Jeffry Mason
Percussion
How many years have you played with EPO?
I played with the EPO a few times while I was at university as an extra, joined as a fulltime section percussionist in 2014-2015 and was made principal the following year.
What is your experience as a musician?
I started out in Navy League Cadet Corps military bands, moved on to the Royal Canadian Sea Cadets, a number of Toronto and Chicago based competitive drum and bugle corps and have played with, and conducted, most of the orchestras in Toronto and Hamilton. I had originally started out as a Music Education major at the U of T and, by the third year, caught 'the conducting bug'. Since switching careers from professional symphony orchestras administration in the mid 90s, I have focused on the orchestral repertoire and am currently performing with five local orchestras.
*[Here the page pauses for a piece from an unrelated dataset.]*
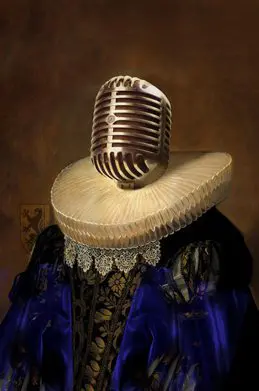 A microphone on top of a hat.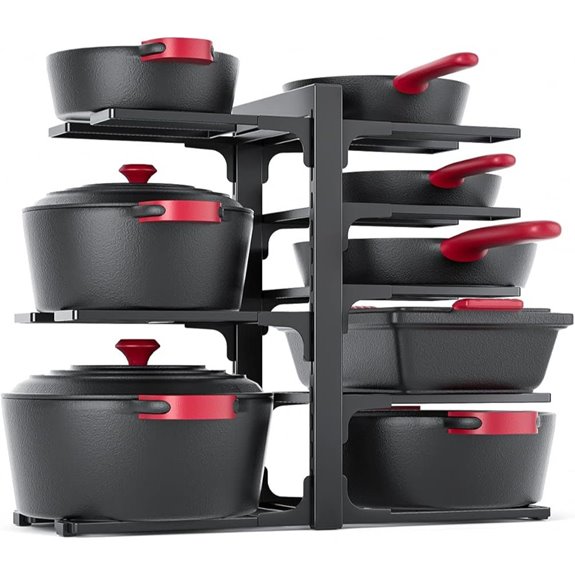 MUDEELA 8-Tier Pot and Pan Organizer for Cabinets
What do you do outside of the orchestra?
I'm an accountant and specialize in reports, forecasts and budgets for organizations in the Not-For-Profit sector.
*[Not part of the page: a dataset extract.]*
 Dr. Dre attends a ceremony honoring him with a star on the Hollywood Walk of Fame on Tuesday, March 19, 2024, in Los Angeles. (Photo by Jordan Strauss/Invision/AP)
What do you think is special about percussion instruments?
Any instrument which is struck is considered a percussion instrument. In fact, even the 'hammer action' on the piano have led some to consider it to be a percussion instrument. As the timpani are' struck' with a mallet, they are part of the 'percussion family'. Most think of percussion as a rhythmic voice but, starting in the late 1900s, tuned percussion became much more prevalent (i.e. glockenspiel/orchestra bells, xylophone, chimes/tubular bells). With the advent of pedal timpani and all of the mallet, or keyboard, percussion instruments, the section often takes on melodic and, at times, harmonic duties too. I guess that's what's 'special' about us. We're chameleons and can create soft or loud sounds for short or long durations. Although we DO phrase, like wind players, we don't have to breathe, that is, unless we're playing the Nightingale, Slide Whistle or numerous other 'sound effects' composers employ.
How do you feel percussion/timpani are best used in the orchestra?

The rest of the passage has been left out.